'''

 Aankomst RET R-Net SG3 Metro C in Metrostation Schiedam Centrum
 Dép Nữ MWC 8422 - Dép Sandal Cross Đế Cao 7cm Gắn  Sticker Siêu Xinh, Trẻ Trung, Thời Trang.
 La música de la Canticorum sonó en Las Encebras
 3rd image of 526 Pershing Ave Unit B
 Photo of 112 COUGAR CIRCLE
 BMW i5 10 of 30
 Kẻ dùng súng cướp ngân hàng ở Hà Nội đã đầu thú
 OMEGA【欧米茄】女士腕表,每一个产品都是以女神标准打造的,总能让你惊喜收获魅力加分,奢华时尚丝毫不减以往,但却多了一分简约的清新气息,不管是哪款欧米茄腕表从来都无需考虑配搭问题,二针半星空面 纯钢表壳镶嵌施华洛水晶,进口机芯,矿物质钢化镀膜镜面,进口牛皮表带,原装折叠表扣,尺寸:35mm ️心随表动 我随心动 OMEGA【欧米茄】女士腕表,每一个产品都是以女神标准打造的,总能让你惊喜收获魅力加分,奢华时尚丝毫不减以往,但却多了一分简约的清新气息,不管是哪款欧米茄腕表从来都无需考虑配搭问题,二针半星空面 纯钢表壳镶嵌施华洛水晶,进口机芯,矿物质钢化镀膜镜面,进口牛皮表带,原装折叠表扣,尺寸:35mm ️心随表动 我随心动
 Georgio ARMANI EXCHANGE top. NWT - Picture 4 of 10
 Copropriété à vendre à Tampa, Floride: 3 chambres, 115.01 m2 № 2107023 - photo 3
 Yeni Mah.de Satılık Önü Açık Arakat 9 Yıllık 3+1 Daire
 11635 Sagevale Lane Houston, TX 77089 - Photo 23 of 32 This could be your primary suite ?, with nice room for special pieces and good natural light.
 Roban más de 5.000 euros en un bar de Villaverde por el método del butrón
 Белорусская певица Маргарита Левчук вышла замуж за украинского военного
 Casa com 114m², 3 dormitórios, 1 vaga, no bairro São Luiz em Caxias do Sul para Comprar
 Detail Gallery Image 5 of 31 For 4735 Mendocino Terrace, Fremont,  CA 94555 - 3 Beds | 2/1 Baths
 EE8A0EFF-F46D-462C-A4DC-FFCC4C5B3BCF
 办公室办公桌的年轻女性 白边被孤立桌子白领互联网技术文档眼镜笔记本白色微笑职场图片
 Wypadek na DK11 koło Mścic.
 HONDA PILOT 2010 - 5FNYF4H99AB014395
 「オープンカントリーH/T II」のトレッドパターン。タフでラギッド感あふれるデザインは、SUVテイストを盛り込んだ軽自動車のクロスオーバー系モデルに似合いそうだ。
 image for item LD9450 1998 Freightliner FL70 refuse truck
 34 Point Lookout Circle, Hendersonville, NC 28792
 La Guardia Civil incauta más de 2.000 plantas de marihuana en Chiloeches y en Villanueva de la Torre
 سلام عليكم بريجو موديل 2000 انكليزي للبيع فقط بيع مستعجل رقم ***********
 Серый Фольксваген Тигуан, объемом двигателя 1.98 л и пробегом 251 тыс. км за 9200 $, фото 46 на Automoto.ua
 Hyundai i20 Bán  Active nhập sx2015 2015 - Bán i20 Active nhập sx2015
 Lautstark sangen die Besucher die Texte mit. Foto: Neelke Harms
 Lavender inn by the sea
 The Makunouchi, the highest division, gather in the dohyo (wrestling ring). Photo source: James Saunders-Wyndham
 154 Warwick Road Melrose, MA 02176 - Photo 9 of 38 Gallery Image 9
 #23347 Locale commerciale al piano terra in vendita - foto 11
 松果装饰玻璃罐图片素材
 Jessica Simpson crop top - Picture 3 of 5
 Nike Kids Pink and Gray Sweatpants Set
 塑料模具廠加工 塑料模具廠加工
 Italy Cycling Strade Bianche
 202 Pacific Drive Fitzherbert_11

'''

- **Instructions for the task**
Which lines of the entries contain "Picture"? Count them and write only the number.

- **Reply to the exercise**
2